USA/Mexico - Del Rio (12XU/Riot Season, 2021)
USA/Mexico embraces extreme noise on the sludged-out doomed grooves of Del Rio.
Guitarist/vocalist Craig Clouse, drummer King Coffey, and bassist Nate Cross are joined by a new vocalist in Colby Brinkman. The recipe here isn’t poles apart from Laredo or Matamoros, but is a more significant developmental leap than between those first two records. Distortion, fuzz, overdrive, boost, volume, sub bass all (somehow) seem maximized. The volatility lends a fragility to an otherwise aggressive music, always edging on amplifier blowout, if they’re not already burning when the tape started rolling.

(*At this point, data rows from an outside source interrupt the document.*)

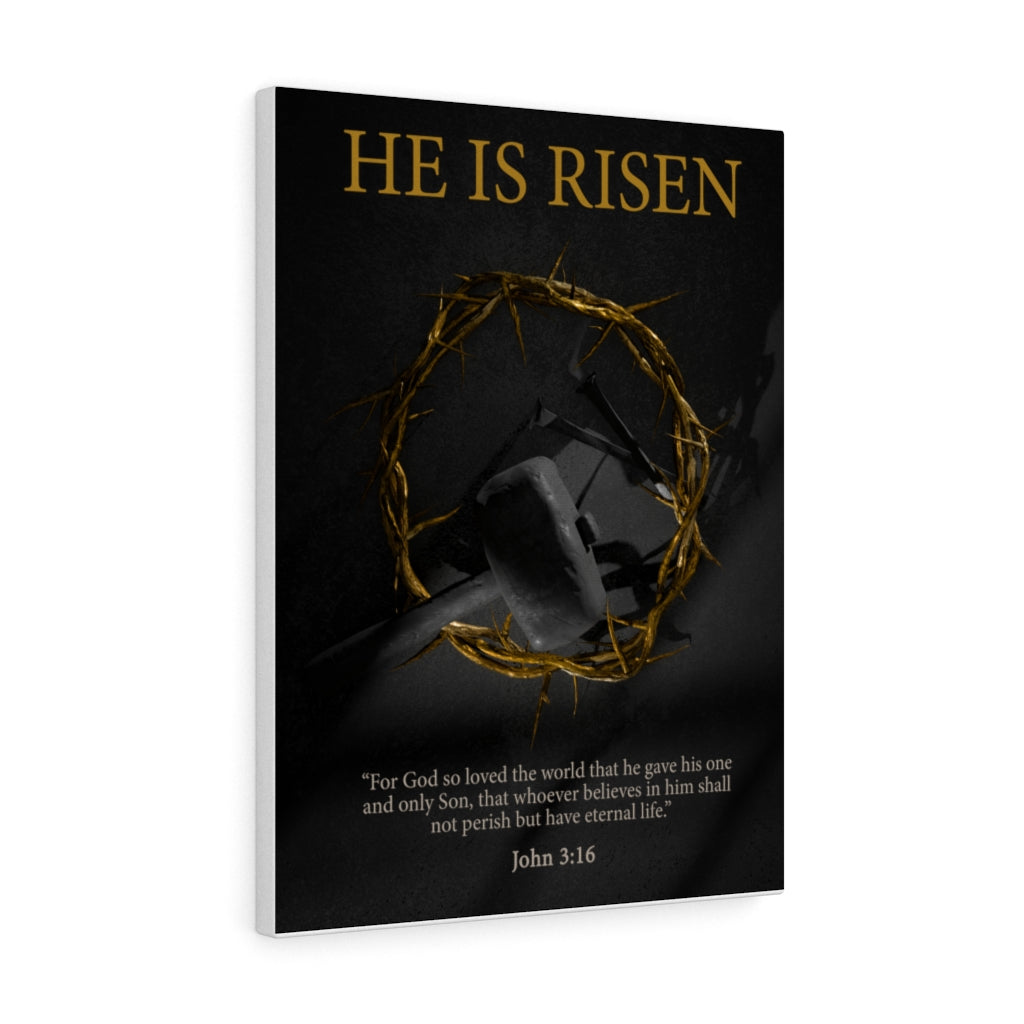Scripture Walls He Is Risen John 3:16 Bible Verse Canvas Christian Wall Art Ready to Hang Unframed-Express Your Love Gifts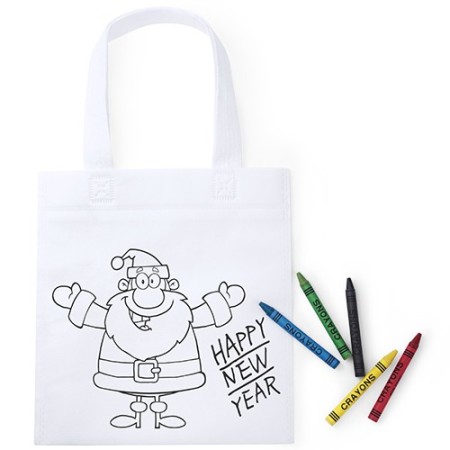 BOLSA NAVIDAD PARA COLOREAR CON 5 CERAS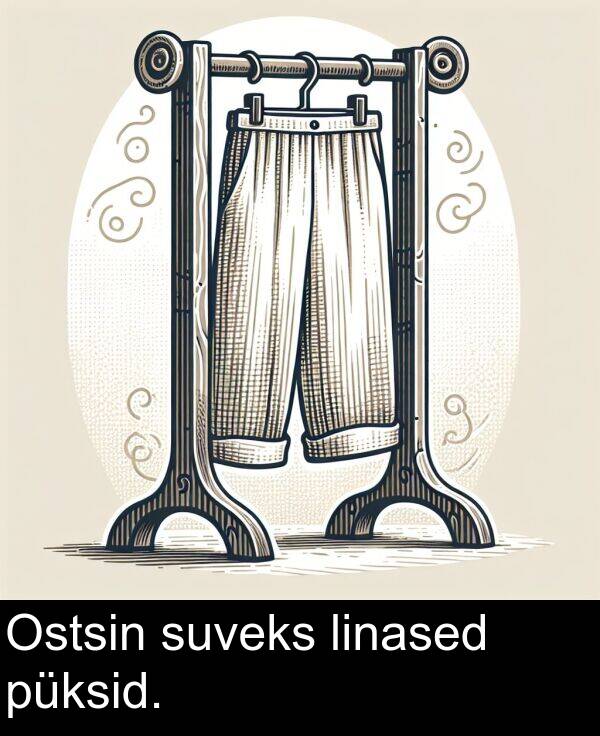 suveks: Ostsin suveks linased püksid.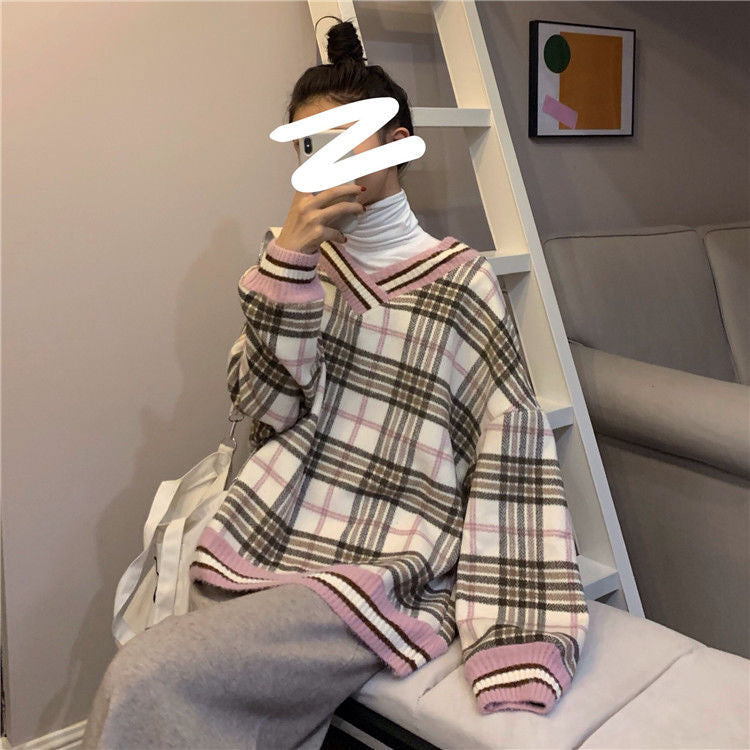 KittenAlarm - Classic V-Neck Plaid Knitted Loose Sweater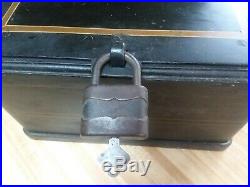 ANTIQUE CAST IRON STRONG BOX SAFE BANK with LOCK STAGE COACH TRAIN WELLS FARGO ERA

Likely as a result, the pace is slowed to tempos on the low end of funeral and drone doom and, whereas most previous tracks hovered around the five-minute mark, two of three tracks here stretch to the mid-teens. Comparisons to extreme metal genres are further encouraged by the vocal delivery, now sparse and unintelligible growls and grunts. While there are some breakdowns, wailing feedback solos, and small variations in structure and effects, the groove lumbers forward, largely unchanged in each track. A sonic juggernaut with, for all its effects-laden frankensteinian electricity, an organic character in the autonomous crash and clip of its sine and step waves and their chirruping blizzard static.